ACTA’s debt restructuring bonds were oversubscribed

Bonds

The Alameda Transportation Authority sold over $216 million in revenue refunding bonds to restructure ACTA’s debt through a combined tender offer and debt restructuring plan.

The bond sale allowed ACTA to reshape its profile to avoid projected debt service shortfalls and match anticipated revenue growth.

The rail corridor consists of a 20-mile multi-track rail system linking the yards and tracks at the ports with the transcontinental rail routes near downtown Los Angeles. The rail corridor, which began operation in 2002, consolidated freight rail traffic from 90 miles of pre-existing rail lines into an integrated system separate from non-rail traffic.

The restructuring uses capital appreciation bonds to reduce debt service in the early years, so it can avoid tapping shortfall advances from the ports of Los Angeles and Long Beach, said Kevin Scott, the authority’s chief financial officer.

Roughly one-third of cargo that comes out of the twin ports of Los Angeles and Long Beach is transported along the 20-mile rail corridor operated by the Alameda Corridor Transportation Authority, according to Fitch Ratings.

Alameda Transportation Corridor Authority

ACTA has an agreement with the ports in which it pays up to 40% of debt service if there are revenue shortfalls, but, Scott said, the authority has only had two shortfall advances of $5 million in 2011 and 2012.

“We have revenue that comes in from container fees and other charges,” Scott said. “That money flows into a protected fund to pay debt service, senior debt, subordinate and then second subordinate.”

On Jan. 23, the Alameda Corridor Transportation Authority priced $41.2 million of tax-exempt senior lien revenue refunding bonds, $10.9 million of taxable senior lien revenue refunding bonds, $29.7 million of tax-exempt subordinate lien revenue refunding bonds and $134.6 million of taxable subordinate lien revenue refunding bonds.

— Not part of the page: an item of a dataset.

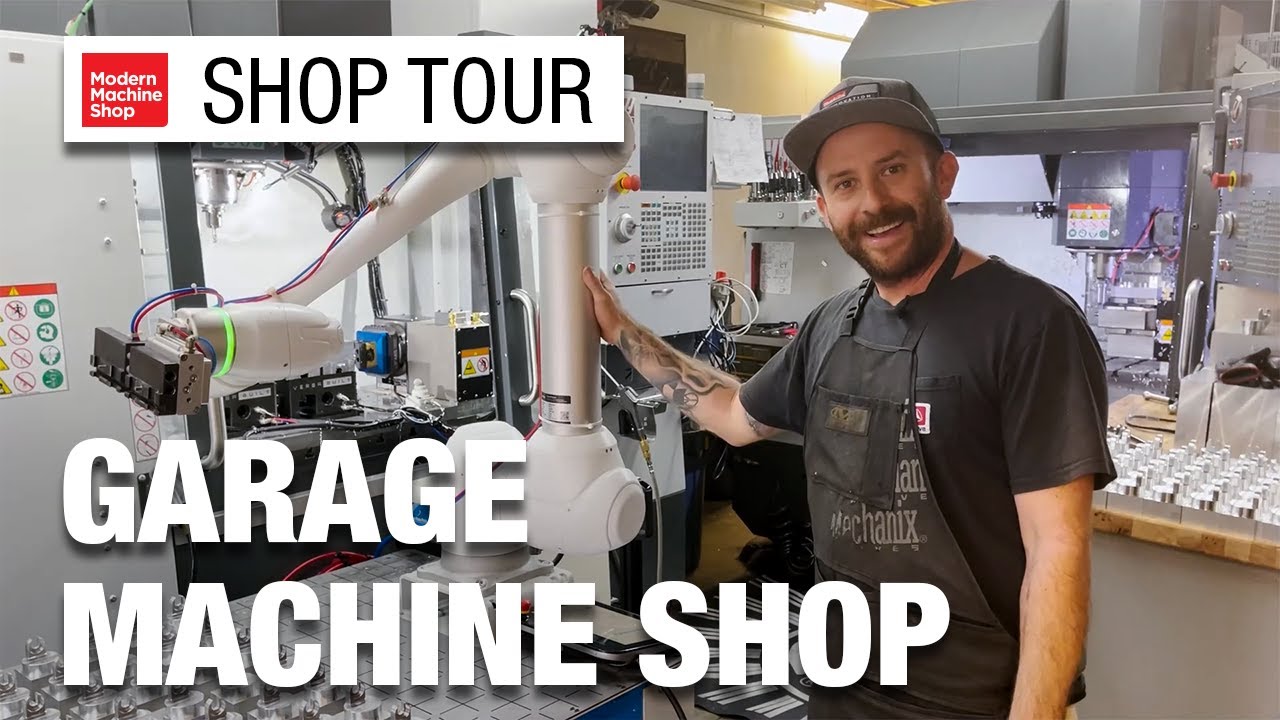 Modern Machine Shop, shop tour video series.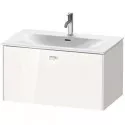Тумба белый глянец 82 см Duravit Brioso BR421202222 Тумба белый глянец 82 см Duravit Brioso BR421202222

The bonds are insured by Assured Guaranty Municipal Corp.

The senior debt received an A rating from Fitch Ratings, A-minus from S&P Global Ratings and A3 from Moody’s Investors Service. The subordinate debt received BBB-plus rating from Fitch, BBB-plus from S&P and Baa2 from Moody’s.

Bond proceeds along with ACTA cash and debt service reserve fund releases were used to fund the defeasance and purchase of certain tendered bonds.  The tender and restructuring of ACTA’s debt reduced aggregate debt service in fiscal years 2026-2033 by approximately $280 million.

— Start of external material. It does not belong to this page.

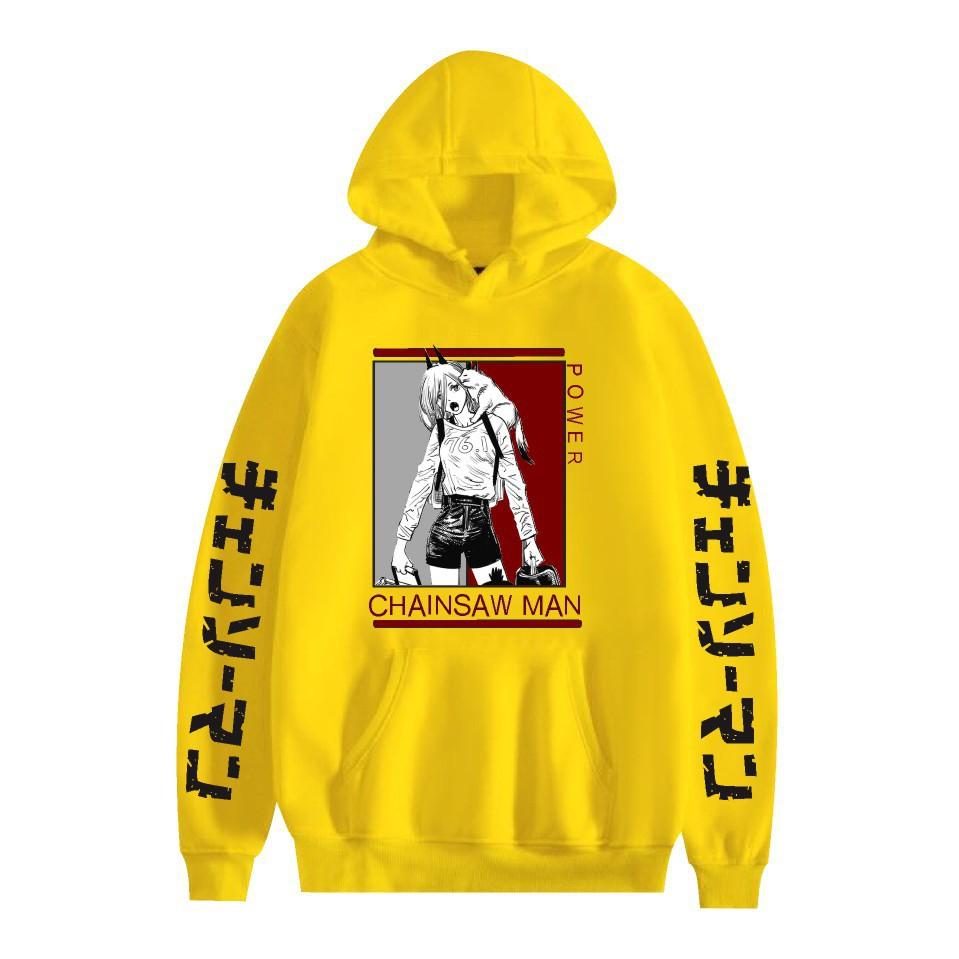 Человек-бензопила Осень Зима Флис Уличная одежда Топы Мужские Женские Модные Толстовки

J.P. Morgan Securities and RBC Capital Markets were co-senior managers, with Goldman Sachs, Ramirez & Co., and Siebert Williams Shank as co-managers. PFM Financial Advisors and Frasca & Associates were the co-financial advisors, O’Melveny & Myers was bond counsel, Sheppard, Mullin, Richter & Hampton was disclosure counsel and Nixon Peabody was tax counsel.

The authority could have issued up to $1.36 billion, based on a S&P Global Ratings report, which included the par amount of the debt at maturity being considered in the pre-issuance tender offer. The authority had $3.2 billion in outstanding debt as of Oct. 1, 2023, according to bond documents.

ACTA had assumed that roughly 20% of the 2026-2033 maturities for the series 1999A&C bonds, senior lien, and 2004A&B, subordinate lien, and 20% of the outstanding 2046 maturity of the 2022B bonds, senior lien would be tendered, with the proceeds of the 2024 issue used to fund the purchase.

“We had anticipated 20%, but it came in at 21% to 22% on the tender offer,” said Michael Leue, ACTA’s chief executive officer.

The tax-exempt series was oversubscribed 6.4 times and the taxables were oversubscribed 6.8 times, according to ACTA’s spokesman.

ACTA was able to renegotiate its operating agreement, which it originally stretched to 2037, out to 2062, which enabled it to address the higher bond payments coming up soon, by refinancing into longer majority dates, said Leue.

The authority had originally assumed its revenues would have doubled by this point, and its bonds were structured that way, but that’s a scenario that failed to materialize.

“The bonds were structured to mature in 2037 with a doubling of debt service in 2026. Revenues were expected to handle that doubling in debt service, but we haven’t been able to achieve those forecasts,” Scott said.

That was a fundamental shift that occurred from 2010-2016 in which cargo was going to warehouses near the ports rather than being transported directly by rail, Leue said. “That’s why the use and operating agreement was renegotiated and extended out.”

The debt is being restructured now, because the authority has a “big chunk of bonds callable in 2026,” Scott said.